Herein, we report an optimized and detailed protocol that can be useful for the identification of BGCs from metagenomic libraries using Burkholderia thailandensis genomic DNA as a model, by exploiting the heterologous expression of its genetic material into surrogate host E. coli DH10B. Moreover, we describe a new method for the formation of target bacteria layers that we named bacteriospray. This technique is more sensitive and allows the screening of larger clone libraries compared to the traditional top agar overlay method. The implementation of the optimized method has led to the construction of a library of size 2.7 × 10⁵ colony forming units (CFU)/μg with a BAC-inserted DNA transformation efficiency of 99%, allowing the screening of 70,000 clones from which four were found to carry an insert providing inhibitory activity against Staphylococcus aureus.

2. Materials and Methods

2.1. Bacterial Strains and Plasmid Growth Conditions

B. thailandensis E264 (ATCC 700388, American Type Culture Collection, Manassas, VI, USA) was used for this study. This strain was grown at 30 °C in Lysogeny broth (LB) medium. Electrocompetent E. coli strain DH10B used for the cloning and the heterologous expression was purchased from New England Biolabs (NEB), Boston, MA, USA. The library was constructed in the bacterial artificial chromosome pBeloBAC11 (7.5 kb) [22] maintained in E. coli K12 ER2420 and can replicate in E. coli DH10B with 20 μg/mL chloramphenicol (obtained from NEB). The vector was purified from an overnight LB culture incubated at 37 °C with the Qiagen maxiprep kit. The test strain used for antimicrobial production screening was Staphylococcus aureus Newman (laboratory collection), grown at 37 °C in LB medium.

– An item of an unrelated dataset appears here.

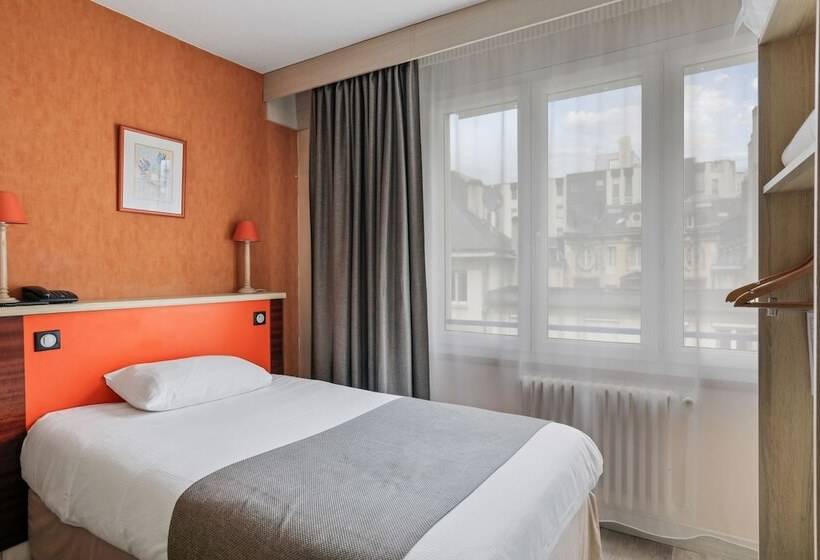 Urban Style Hotel De L Europe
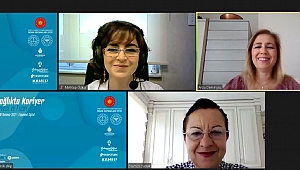 SANKO Üniversitesi Akademisyenleri Uzaktan Erişimle Öğrencileri Bilgilendiriyor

2.2. Library Construction Strategies

B. thailandensis E264 was grown overnight at 30 °C in LB broth. DNA extraction was done with the FastDNA kit (MP Biomedicals) as recommended by the manufacturer. Briefly, 1.5 mL of bacterial culture was centrifuged, placed in a Lysing Matrix A tube and the appropriate cell lysis solution was added. The mixture was homogenized by vortexing for 30 s (2 times) and DNA extraction was performed as described in the MP protocol. DNA was then partially digested with the restriction enzyme SphI (NEB) for 15 min. The enzyme was then heat inactivated for 15 min at 65 °C. Less than 1 μg of the pBeloBAC11 vector was linearized with one unit of the SphI enzyme (10,000 units/mL) during a 4 h digestion in a 37 °C water bath. Both the vector and the genomic DNA were dephosphorylated when specified (vide infra). One μL of antarctic phosphatase (NEB) was added to every 1 μg of digested DNA reaction mixture with the Antarctic phosphatase buffer (10×), before incubation for 30 min at 37 °C. The enzyme was then heat inactivated at 65 °C for 15 min.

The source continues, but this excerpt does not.